第二次世界大戦後、北アフリカのアルジェリアでフランス支配に対する抵抗や武装蜂起が激しさを増し、国際的にも批判が噴出した結果、当時のドゴール大統領は独立容認に転じた。この時、あくまで独立を認めず、アルジェリア人虐殺やクーデタ、果てはドゴール暗殺まで企てたりしたのは、本土のフランス人ではなくアルジェリアに移りすんだ入植者だった。

宗教的要素などを除くと、孤立感を強めた入植者ほど過激派しやすいという点で、独立反対に固執したアルジェリア入植者と、パレスチナとの和解に反対するイスラエルの入植者はほぼ同じだ。
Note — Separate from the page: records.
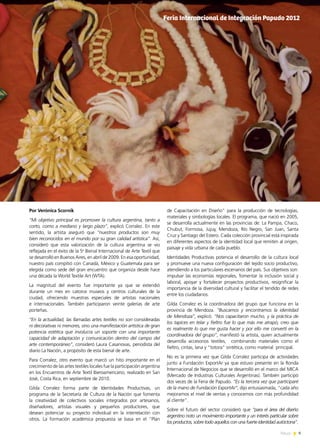 9News
Por Verónica Scornik
“Mi objetivo principal es promover la cultura argentina, tanto a
corto, como a mediano y largo plazo”, explicó Corralez. En este
sentido, la artista aseguró que “nuestros productos son muy
bien reconocidos en el mundo por su gran calidad artística”. Así,
consideró que esta valorización de la cultura argentina se vio
reflejada en el éxito de la 5a
Bienal Internacional de Arte Textil que
se desarrolló en Buenos Aires, en abril de 2009. En esa oportunidad,
nuestro país compitió con Canadá, México y Guatemala para ser
elegida como sede del gran encuentro que organiza desde hace
una década la World Textile Art (WTA).
La magnitud del evento fue importante ya que se extendió
durante un mes en catorce museos y centros culturales de la
ciudad, ofreciendo muestras especiales de artistas nacionales
e internacionales. También participaron veinte galerías de arte
porteñas.
“En la actualidad, las llamadas artes textiles no son consideradas
ni decorativas ni menores, sino una manifestación artística de gran
potencia estética que involucra un soporte con una importante
capacidad de adaptación y comunicación dentro del campo del
arte contemporáneo”, consideró Laura Casanovas, periodista del
diario La Nación, a propósito de esta bienal de arte.
Para Corralez, otro evento que marcó un hito importante en el
crecimiento de las artes textiles locales fue la participación argentina
en los Encuentros de Arte Textil Iberoamericano, realizado en San
José, Costa Rica, en septiembre de 2010.
Gilda Corralez forma parte de Identidades Productivas, un
programa de la Secretaría de Cultura de la Nación que fomenta
la creatividad de colectivos sociales integrados por artesanos,
diseñadores, artistas visuales y pequeños productores, que
desean potenciar su proyecto individual en la interrelación con
otros. La formación académica propuesta se basa en el “Plan
de Capacitación en Diseño” para la producción de tecnologías,
materiales y simbologías locales. El programa, que nació en 2005,
se desarrolla actualmente en las provincias de: La Pampa, Chaco,
Chubut, Formosa, Jujuy, Mendoza, Río Negro, San Juan, Santa
Cruz y Santiago del Estero. Cada colección provincial está inspirada
en diferentes aspectos de la identidad local que remiten al origen,
paisaje y vida urbana de cada pueblo.
Identidades Productivas potencia el desarrollo de la cultura local
y promueve una nueva configuración del tejido socio productivo,
atendiendo a los particulares escenarios del país. Sus objetivos son:
impulsar las economías regionales, fomentar la inclusión social y
laboral, apoyar y fortalecer proyectos productivos, resignificar la
importancia de la diversidad cultural y facilitar el tendido de redes
entre los ciudadanos.
Gilda Corralez es la coordinadora del grupo que funciona en la
provincia de Mendoza. “Buscamos y encontramos la identidad
de Mendoza”, explicó. “Nos capacitaron mucho, y la práctica de
los tapices en telar y fieltro fue lo que más me atrapó; creo que
es realmente lo que me gusta hacer y por ello me convertí en la
coordinadora del grupo”, manifestó la artista, quien actualmente
desarrolla accesorios textiles, combinando materiales como el
fieltro, cintas, lana y “totora” sintética, como material principal.
No es la primera vez que Gilda Corralez participa de actividades
junto a Fundación ExportAr ya que estuvo presente en la Ronda
Internacional de Negocios que se desarrolló en el marco del MICA
(Mercado de Industrias Culturales Argentinas). También participó
dos veces de la Feria de Papudo. “Es la tercera vez que participaré
de la mano de Fundación ExportAr”, dijo entusiasmada, “cada año
mejoramos el nivel de ventas y conocemos con más profundidad
al cliente”.
Sobre el futuro del sector consideró que “para el área del diseño
argentino noto un movimiento importante y un interés particular sobre
los productos, sobre todo aquellos con una fuerte identidad autóctona”.
Feria Internacional de Integración Papudo 2012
とすれば、エリヤスを擁護するつもりはない、と断ったうえであえていえば、その「原爆投下」発言はイスラエルの占領政策そのものの産物であり、同様の見解を多くの入植者が抱いているからこそ表面化したとみた方がよい。その意味では「個人の失言」を超えた、根の深いものといえる。

だとしても、エリヤス発言が大きな波紋を呼んだことも当然である。

同盟国アメリカは「政府の公式見解ではない」と問題視しない態度を示しているが、とりわけ周辺各国からは政治的立場を超えて強い反発が生まれた。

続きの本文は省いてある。